Your answer should be the lines below from the one holding "1/35 Германские танкисты, Африканский" through the one holding "Dark reddish-brown looped", copied exactly and with nothing else.

Entries taken from a collection
+-------+

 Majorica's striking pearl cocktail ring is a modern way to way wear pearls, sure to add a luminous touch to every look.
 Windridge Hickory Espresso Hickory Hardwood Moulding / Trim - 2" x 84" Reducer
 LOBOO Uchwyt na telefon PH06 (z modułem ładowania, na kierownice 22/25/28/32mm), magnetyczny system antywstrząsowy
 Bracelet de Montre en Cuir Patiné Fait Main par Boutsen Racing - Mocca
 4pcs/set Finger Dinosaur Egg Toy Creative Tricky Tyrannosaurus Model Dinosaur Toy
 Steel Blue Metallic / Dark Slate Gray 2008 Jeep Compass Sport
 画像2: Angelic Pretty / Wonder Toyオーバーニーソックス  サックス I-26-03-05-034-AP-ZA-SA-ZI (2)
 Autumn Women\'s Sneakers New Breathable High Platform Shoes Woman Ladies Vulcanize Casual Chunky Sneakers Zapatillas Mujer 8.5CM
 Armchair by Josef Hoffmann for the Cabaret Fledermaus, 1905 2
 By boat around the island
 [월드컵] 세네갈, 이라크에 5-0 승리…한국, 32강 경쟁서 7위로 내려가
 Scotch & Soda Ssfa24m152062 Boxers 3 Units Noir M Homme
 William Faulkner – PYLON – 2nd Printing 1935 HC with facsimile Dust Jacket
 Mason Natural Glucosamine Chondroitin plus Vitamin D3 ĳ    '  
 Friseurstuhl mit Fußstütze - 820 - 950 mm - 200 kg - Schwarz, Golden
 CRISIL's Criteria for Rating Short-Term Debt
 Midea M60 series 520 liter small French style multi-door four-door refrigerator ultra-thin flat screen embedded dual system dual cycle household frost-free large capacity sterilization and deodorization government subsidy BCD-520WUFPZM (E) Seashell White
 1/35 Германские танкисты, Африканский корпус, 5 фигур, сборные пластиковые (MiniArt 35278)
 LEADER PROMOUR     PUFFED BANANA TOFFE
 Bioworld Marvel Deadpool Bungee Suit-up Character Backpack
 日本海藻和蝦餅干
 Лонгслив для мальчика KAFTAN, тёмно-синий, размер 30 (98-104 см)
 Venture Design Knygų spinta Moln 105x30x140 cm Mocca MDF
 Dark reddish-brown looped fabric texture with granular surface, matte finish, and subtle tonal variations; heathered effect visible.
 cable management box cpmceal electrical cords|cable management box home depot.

+-------+

Problem solution
 1/35 Германские танкисты, Африканский корпус, 5 фигур, сборные пластиковые (MiniArt 35278)
 LEADER PROMOUR     PUFFED BANANA TOFFE
 Bioworld Marvel Deadpool Bungee Suit-up Character Backpack
 日本海藻和蝦餅干
 Лонгслив для мальчика KAFTAN, тёмно-синий, размер 30 (98-104 см)
 Venture Design Knygų spinta Moln 105x30x140 cm Mocca MDF
 Dark reddish-brown looped fabric texture with granular surface, matte finish, and subtle tonal variations; heathered effect visible.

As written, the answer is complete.